Because Treasury has been issuing rolling guidance on these new provisions, it is smart to review the Michigan Treasury notice on qualified overtime and qualified tips before you file or amend anything.
What to Do If Your W-2 Doesn’t Show Overtime Separately
Start with your last paystub of the year, your payroll portal, and any year-end wage summary your employer gave you. Then identify your regular hourly rate, the number of overtime hours you worked, and the overtime rate that was actually paid. If your records are clean, you can usually back into the premium portion with straightforward math.
Ask payroll or human resources whether the company can give you a year-end overtime summary or an earnings statement that separates overtime from regular wages.
Pull your paystubs for all 2025 pay periods and total either the overtime hours or the overtime-pay line items.
Use the Schedule 1-A instructions to calculate only the qualified premium portion, not the full amount labeled overtime.
Keep copies of the records with your tax file in case the IRS asks how you arrived at the number.
If you are claiming the deduction because you are trying to reduce a balance due, compare that benefit with your full tax picture before filing.
If the return still is not clear, get help before you file rather than papering over the gap with a guess. That is especially true if you already owe the IRS and you are hoping this deduction will shrink a 2025 balance. Levy Tax Help’s IRS back taxes team can help you look at the return and the bigger collection picture together.

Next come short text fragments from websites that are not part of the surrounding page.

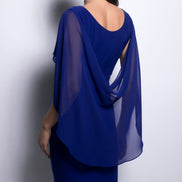 Chiffon Drape Dress with Diamante Button Details 1532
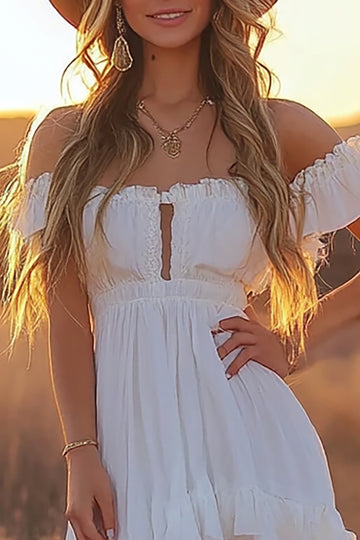 Off The Shoulder Ruffled Graduation Dress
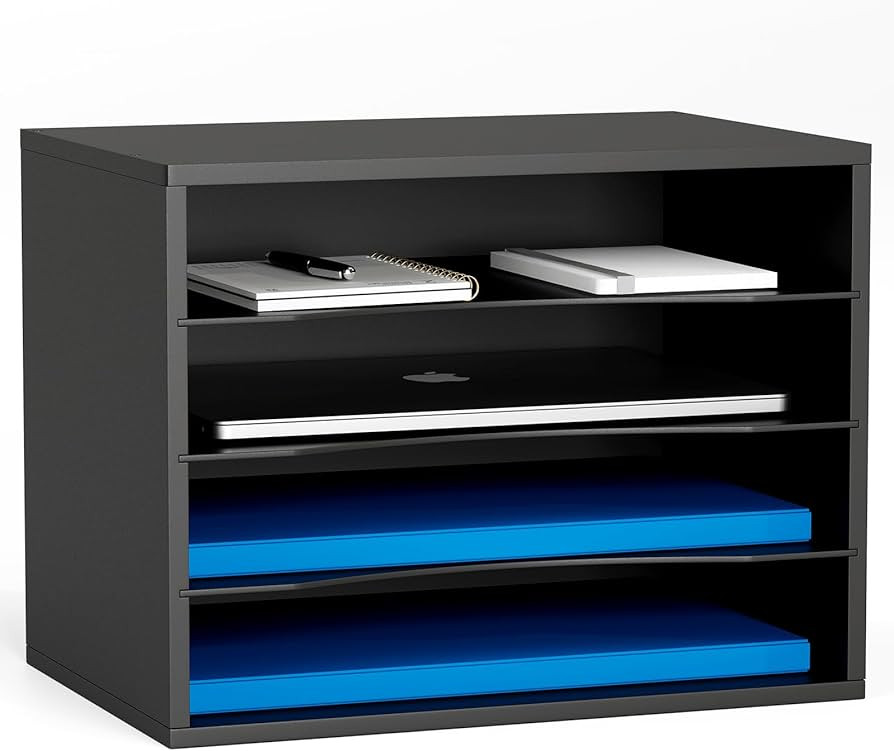 Wood Desktop Letter Tray File Organizer, Paper Storage Mail Sorter with 3 Adjustable Drawer Board... | Amazon (US)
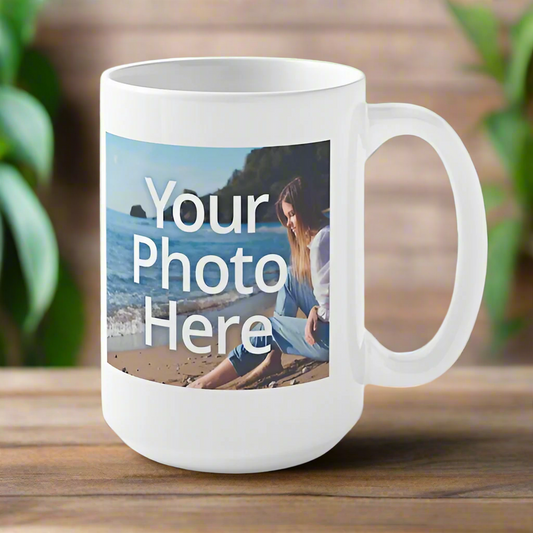 White mug with text 'Your Photo or logo Here' printed on it.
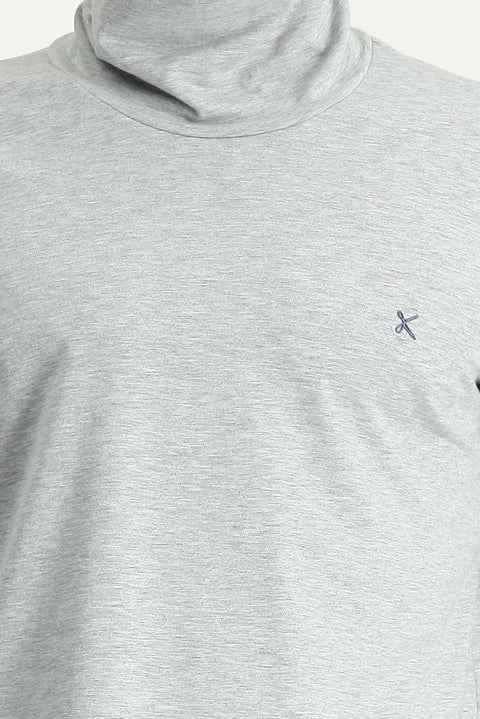 Açık Gri Melanj Balıkçı Yaka Slim Fit Dar Kesim Pamuklu Sweatshirt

Frequently Asked Questions
Can I deduct all of my overtime pay on my 2025 federal return?
No. In most cases you can deduct only the part of your overtime pay that is above your regular rate, which is the premium half. For a standard time-and-a-half worker, that is usually the extra 0.5 times the regular hourly rate for each overtime hour.
Do salaried employees qualify for the overtime deduction?
Usually not if they are exempt from FLSA overtime rules. The deduction is aimed at workers who were legally entitled to overtime pay under the FLSA, not workers who simply worked long hours.
What if my employer didn’t list overtime separately on my 2025 W-2?
You may still be able to claim the deduction. The IRS says 2025 is a transition year, so workers can use Schedule 1-A instructions and supporting payroll records to calculate qualified overtime compensation when it was not separately reported.
Does Michigan allow the no tax on overtime deduction for the 2025 tax year?
No. Michigan Treasury says the deduction is not available on the Michigan return for tax year 2025, even though it is available federally. Under current Treasury guidance, Michigan begins allowing the deduction for tax years 2026 through 2028.
Can I still take the deduction if I use the standard deduction?
Yes. The overtime deduction is an above-the-line deduction, so eligible taxpayers can claim it whether they itemize or take the standard deduction.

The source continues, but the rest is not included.